Max Payne 1 and 2 both use high resolution photographs taken on the streets of New York and Finland for the starting point for their textures. It's not like Remedy went to the "designers" of each brick pattern and acquired the rights to use that imagery in their games. Both the appearance of the bricks as well as the pattern laid by the mason can easily be considered art. How is that different from AI-assets that aren't owned by a developer?
Photographs are often considered copyrighted art. A building is not.
Nor a street. Or a brick. Anyone can take a picture of a building (even your house), street, brick, etc. and it's fine. Not everyone can use the resulting photo or potentially an alteration of that photo without getting consent from the owner of the photo.
AI generated art uses copyrightable art as source material. That's where it starts to get legally tricky. Moreso, if the art resembles the art that it is trained on. Again, it's tricky.

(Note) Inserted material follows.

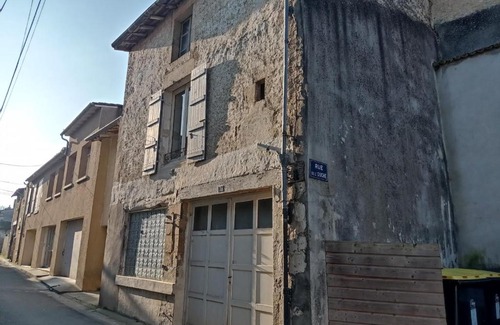 Charpennes - Charmettes Apartment | juste un garage/just only carage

It's legally fine for an artist to create art (like creating a character model) that looks similar to or is inspired by art from another artist, as long as it is not a blatant copy. That's to recognize the skill and effort of the artist who may have been inspired by another artist.
What about AI art? There's no artist skill or effort there. At best, it's using AI to create hundreds or thousands of versions of "something" and then going through them to pick out the ones that aren't horrific (in the case of AI generated human 2D art, /shudder some of them are nightmare inducing with how they do fingers or body parts).

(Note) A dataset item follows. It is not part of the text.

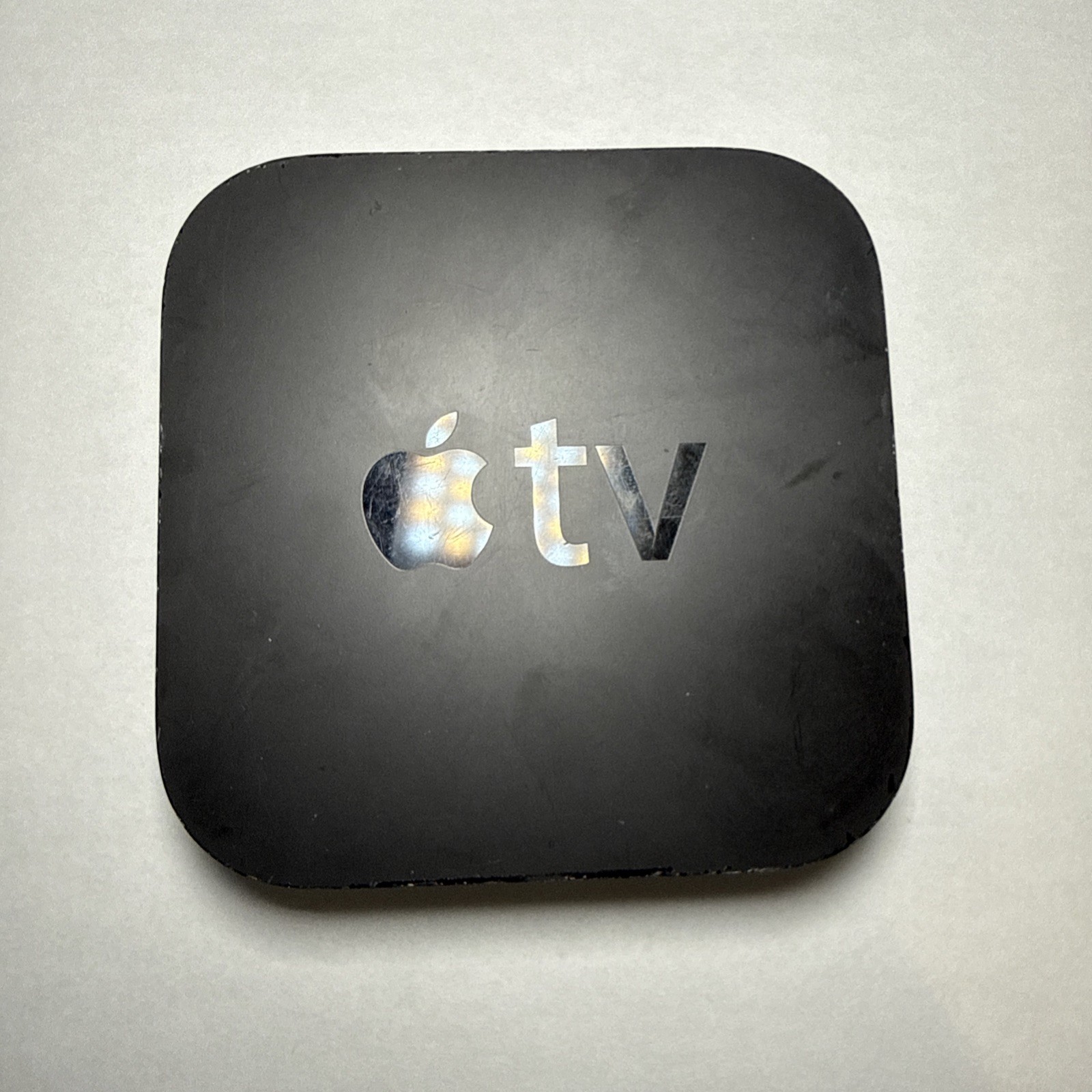 Apple TV (3rd Generation) 8GB Digital HD Media Streamer – No Remote Or Cables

So, if the AI art is deliberately or not deliberately very similar to the source art used in the AI training/algorithm, that presents a legal issue.
NOTE: this is WRT things classified as copyrightable. Having AI generate some random brick or building doesn't cause potential legal issues, there are no legal protections (in general) for the look of a brick or the look of a building. Having AI generate "art" OTOH now impinges on things that
are copyrightable.
At issue on Steam is the recent flood of games (especially NSFW games) using AI generated art that is trained on copyrighted material and generated created to be as similar as possible to the copyrighted artist's work.